▸ **EXERCISE**
Your answer should be the lines below from the one with "They are hardly" to the one with "I have two available", both included, given again exactly and with nothing added.

▸ **RECORDS FOR THIS TASK**
▼
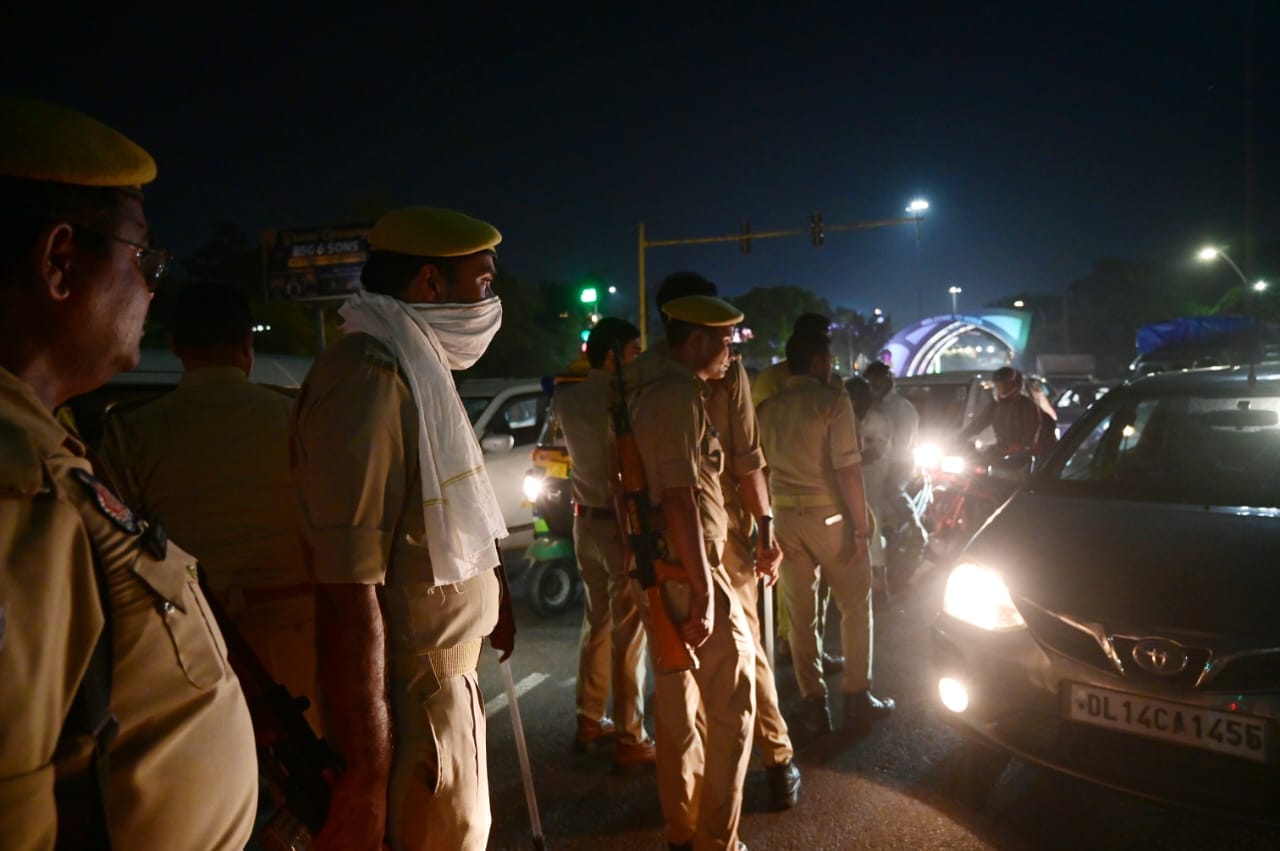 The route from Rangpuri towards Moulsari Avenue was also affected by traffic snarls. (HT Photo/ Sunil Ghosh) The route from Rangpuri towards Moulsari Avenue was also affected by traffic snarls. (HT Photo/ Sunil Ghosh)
▲
▼
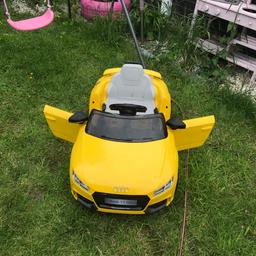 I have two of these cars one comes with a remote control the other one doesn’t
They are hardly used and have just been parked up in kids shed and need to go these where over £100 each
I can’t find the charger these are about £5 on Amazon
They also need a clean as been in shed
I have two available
▲
▸ **EXERCISE ANSWER**
They are hardly used and have just been parked up in kids shed and need to go these where over £100 each
I can’t find the charger these are about £5 on Amazon
They also need a clean as been in shed
I have two available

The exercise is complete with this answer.